## What the exercise asks
Pictures are to be left out, and the rest of the records reproduced exactly.

[Short text fragments from websites]
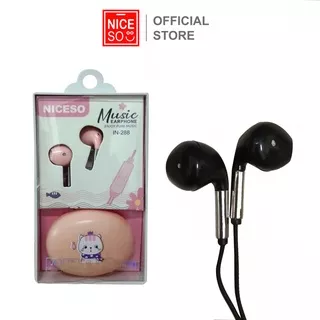 NICESO Official Handsfree / Earphone 288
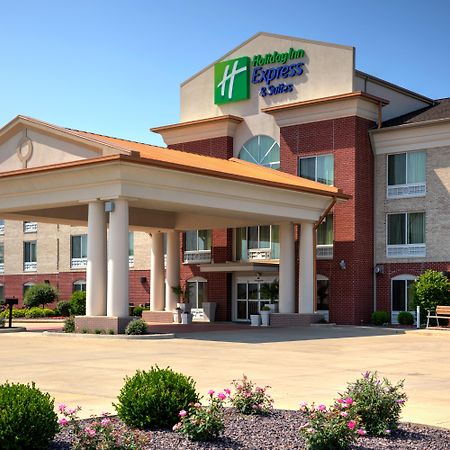 Holiday Inn Express & Suites Vandalia By Ihg Esterno foto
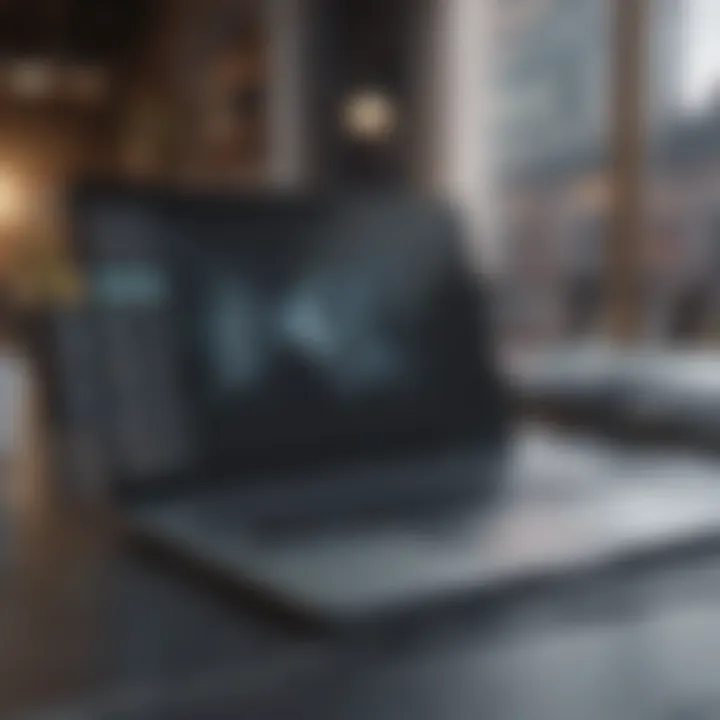 Revolutionary laptop technology for the modern user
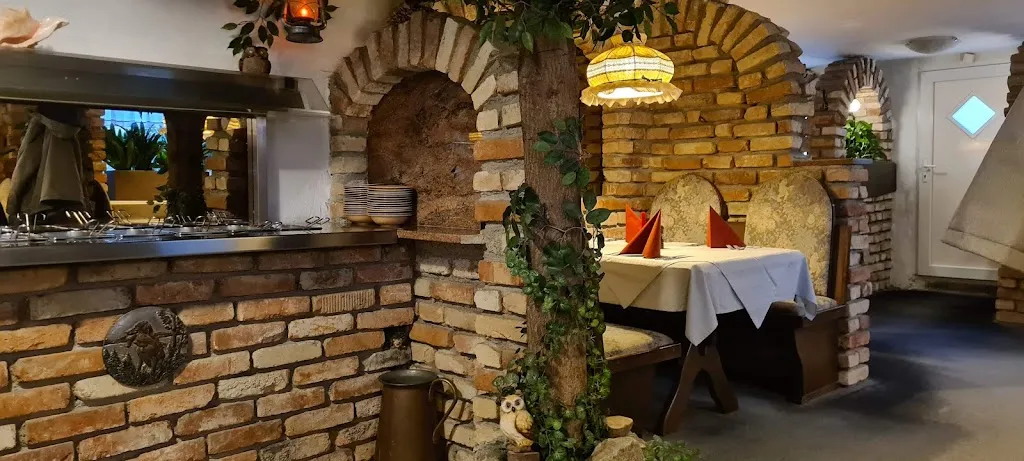 El Rancho restaurant in Landshut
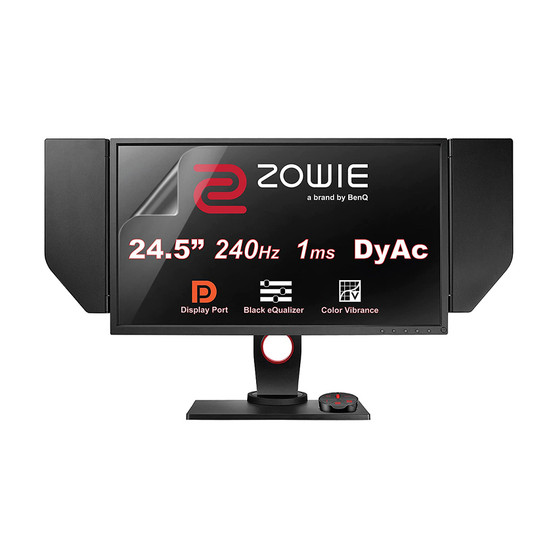 BenQ Zowie 25 XL2546 Matte Screen Protector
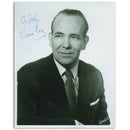 Steve Race - Autograph - Signed Black and White Photograph_UFP7329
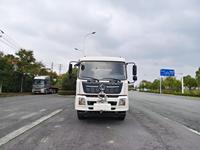 Camion-citerne à eau Dongfeng 4*2 18 tonnes, 12 m³ de réservoir de pulvérisation vert, pour le nettoyage des routes, directement de l'usine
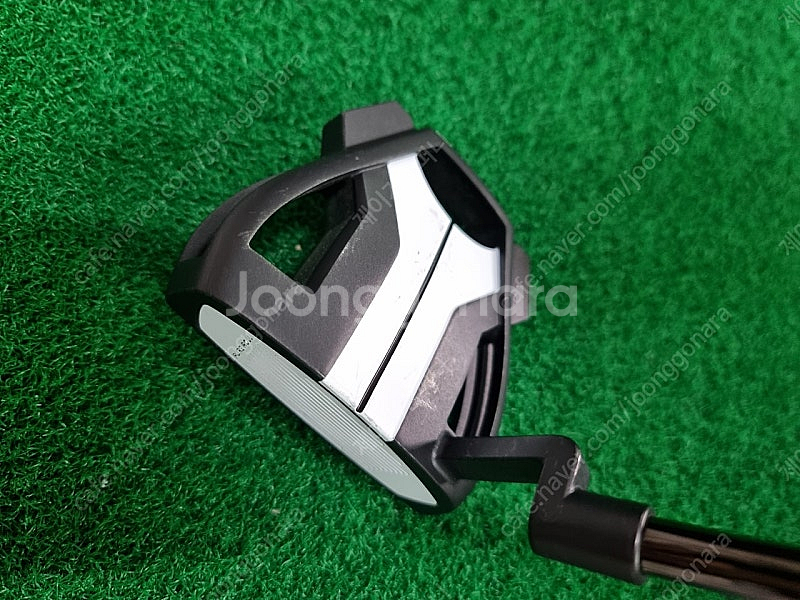 테일러메이드 2025 스파이더 투어 X 블랙 퍼터--4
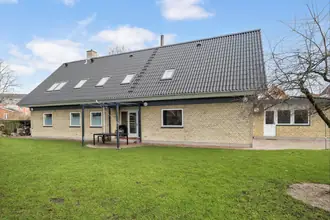 Villa på Amtstue Alle 19B, 4100 Ringsted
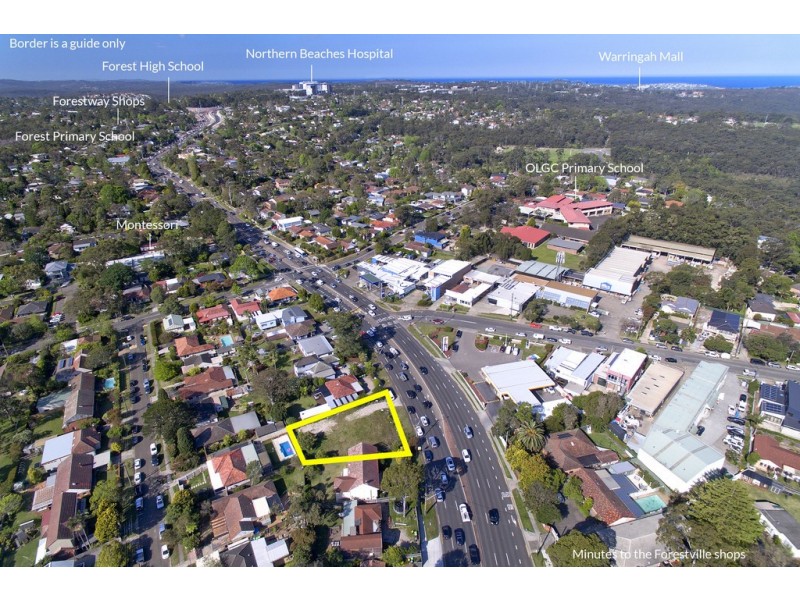 602 Warringah Road, Forestville NSW 2087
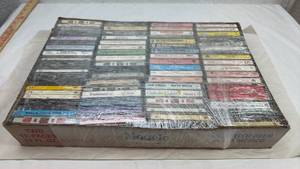 lot 62 image: Religious & Christian Music Cassette Collection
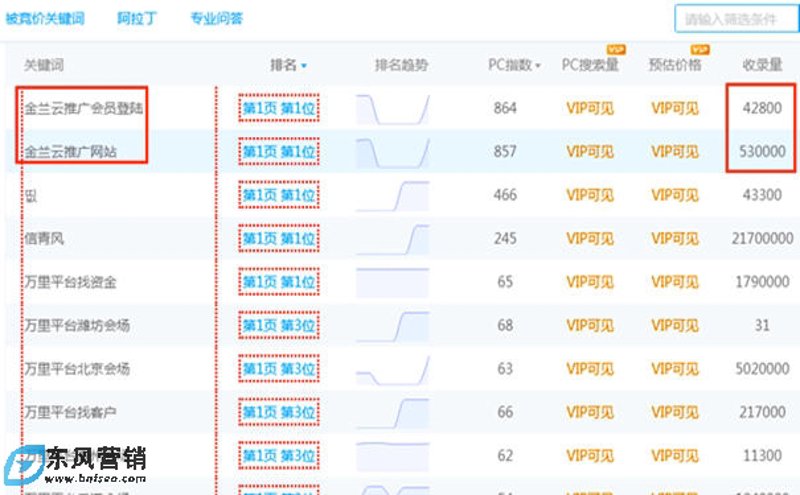 金兰云推广网站，如何选择最合适的方案？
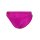 ARENA Solid Bottom Very Fuchsia - Team Green Bikinihose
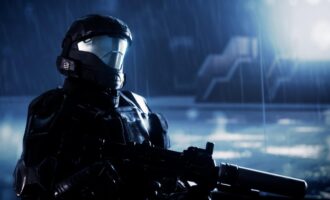 Helldivers 2 Halo ODST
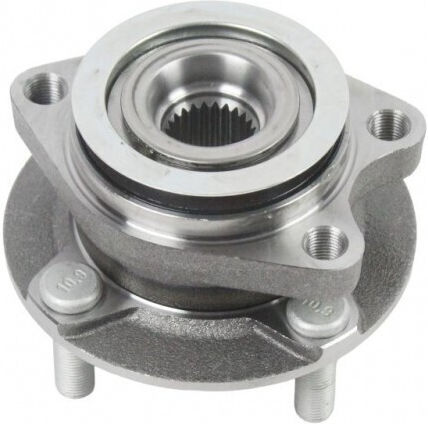 Vordere Radlagersatz Für Nissan Cube Tiida 4-Loch Ø122 Mm 40202-ed000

## Response for this exercise
 NICESO Official Handsfree / Earphone 288
 Holiday Inn Express & Suites Vandalia By Ihg Esterno foto
 Revolutionary laptop technology for the modern user
 El Rancho restaurant in Landshut
 BenQ Zowie 25 XL2546 Matte Screen Protector
 Steve Race - Autograph - Signed Black and White Photograph_UFP7329
 Camion-citerne à eau Dongfeng 4*2 18 tonnes, 12 m³ de réservoir de pulvérisation vert, pour le nettoyage des routes, directement de l'usine
 테일러메이드 2025 스파이더 투어 X 블랙 퍼터--4
 Villa på Amtstue Alle 19B, 4100 Ringsted
 602 Warringah Road, Forestville NSW 2087
 lot 62 image: Religious & Christian Music Cassette Collection
 金兰云推广网站，如何选择最合适的方案？
 ARENA Solid Bottom Very Fuchsia - Team Green Bikinihose
 Helldivers 2 Halo ODST
 Vordere Radlagersatz Für Nissan Cube Tiida 4-Loch Ø122 Mm 40202-ed000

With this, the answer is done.